In a open letter to the Times on Friday, they urge the British government not to recognise the upcoming Sudanese election, or the legitimacy of president Omar Al-Bashir.
Baroness Caroline Cox, a Christian and the founder and CEO of international aid agency Humanitarian Aid Relief Trust (HART), and one of a number of peers to have signed the letter, accused the government of idleness over the issue.
Speaking on Premier's News Hour, she said: "they're (Christians) being targeted and killed, churches are certainly targeted... Muslims and Christians are both being killed indiscriminately. It's genocide of Christians and genocide of black African peoples.
"These elections will be a kind of camouflage for legitimacy for a regime that deserves sanctions, not legitimacy.

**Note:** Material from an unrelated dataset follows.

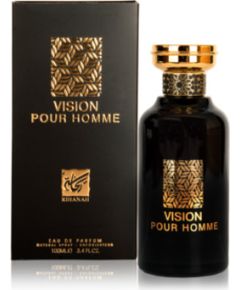 Nusuk Vision Pour Homme EDP 100ml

"What I and other colleagues have recommended are targeted sanctions that wouldn't affect the people... [and] there needs to be proper, systematic, sponsored, humanitarian relief to help people.
"Pray for the people of Sudan, their suffering is indescribable. They desperately need your prayers."
President Omar Al-Bashir has led Sudan for more than 25 years, taking power in a military coup in 1989.
He was president for much of Sudan's second civil war, which started in 1983 and ended in 2005. During this civil war, two million people died, four million were displaced and hundreds of thousands were subject to human rights abuses such as slavery.
The International Criminal Court formally has also charged Omar Al-Bashir with genocide for his actions in Darfur, an area in western Sudan.
Omar Al-Bashir's presidency also saw the break-up of Sudan, with part of the country voting to become an independent country, South Sudan, in 2011.